2. Come to your core
Answer these questions honestly. Why do you do what you do? Why do you have to step up and carry the weight with your shoulders? Is it because you are a workaholic and it makes you feel good? Or is it because you need to provide for your family and this is the best that you can do?
A trick is that don't make up any excuses to justify your crazy working hour. For example, if you really enjoy working and that is your dream, don't sooth your inner critics by saying that you are doing that because of your family. If you are doing things for yourself, admit it.
There is no right or wrong answer, this is just simply how to make you realize what really matters to you.
For me, as I am stuck in the corporate world at my daily job, I have no other choice than trying to meet the deadlines and complete my tasks on time. But other time, as I just simply enjoy writing, I put my son to sleep and sleep together with him, then I wake up early to write. Just for the fun of writing and sharing. And I enjoy it.
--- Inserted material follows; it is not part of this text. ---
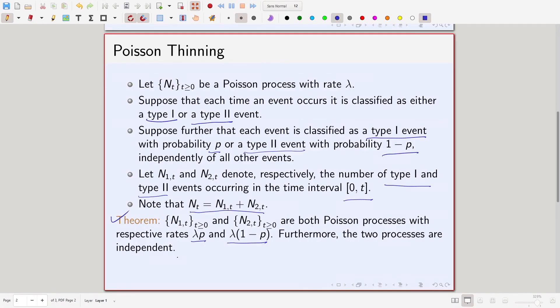Two processes being independent means that information about one does not give extra information about the other. For example, if I tell you the number of type 1 events in interval 0 to t is k, that gives no information about the number of type 2 events. So if you classify each arriving event as type 1 or type 2 with probability p and 1 minus p respectively, then individually they are again Poisson processes but with rates lambda*p and lambda*(1 minus p). This is called Poisson thinning — you are thinning or separating the total arrivals into two groups.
3. Make up plan (and keep your promises)
Even though there are days I work late nights and cannot put my son to sleep, I try to have make up plans and I always keep my promises with him.
If I say no more work on weekend, I do not open my laptop when he is up. (I do work when he is napping or sleeping at night).
4. Set up boundaries
I know that working mom guilt is real, especially when your work is crazy and you have to keep up with the rush. But remember one thing, you have to learn how to say "no".
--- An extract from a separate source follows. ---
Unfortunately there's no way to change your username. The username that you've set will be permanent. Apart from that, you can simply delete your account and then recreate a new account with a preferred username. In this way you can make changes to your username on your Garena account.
Yes I know it is cliche too.
Everyone tells you to say "no" more often. But not many people explains why.
Here's why. People are wired to be ungrateful. It is nothing personal. It is just how our brains work.
A very obvious example in pretty much every working mom's house. If you are a working mom and your husband is a stay at home dad, what do you expect to see when you get home from work?
A freshly-cooked dinner, or an empty kitchen with dirty dishes in the sink? Well, we know what we like.
But here is the harsh truth. Your husband is not obliged to cook for you. Maybe he already ordered a pizza, or maybe he did not. But he is not obliged to cook for you. But you, as a working person, expect that from him all the time.
Instead of thanking him for cooking (even just a little) for you, you feel resentful if you have to move a finger around the house after coming home from work.
Same thing applies with work.
We all know the promotion can be tempting. And everyone wants to complete their work so that the boss would say "good job" the next morning. But if you keep pushing yourself too hard, your boss would forget you have a life too. When you cannot take it anymore, and you miss a deadline, he will not remember all the nights you stay up to work, but he will talk about you as a person who cannot commit to a deadline.
So set up the damn boundaries. Give yourself time to work but also time to reset.
This is really depends. Some people find affirmations to be effective, some people find them fake and annoying. And I have no judgment at all.
Sometimes I find affirmations to be effective, but other times I doubt them.
But there is a really an affirmation that I say often, and it helps me greatly to overcome stress and guilt.
"I love and accept myself. I approve of myself. I am doing the best that I can do"
Say this often and you will feel the change.
Working mom guilt can be a time that you come back to your core and focus on what really matters.
Working mom guilt will happen. Even though you do all of above tips often, one day, out of the blue, it will hit you.
But you will realize that it is not as scary and painful as you thought it would be. You can take this chance to be aware of the present and commit to be present for your little one.
Remember, you are doing the best that you can. Trust your instinct.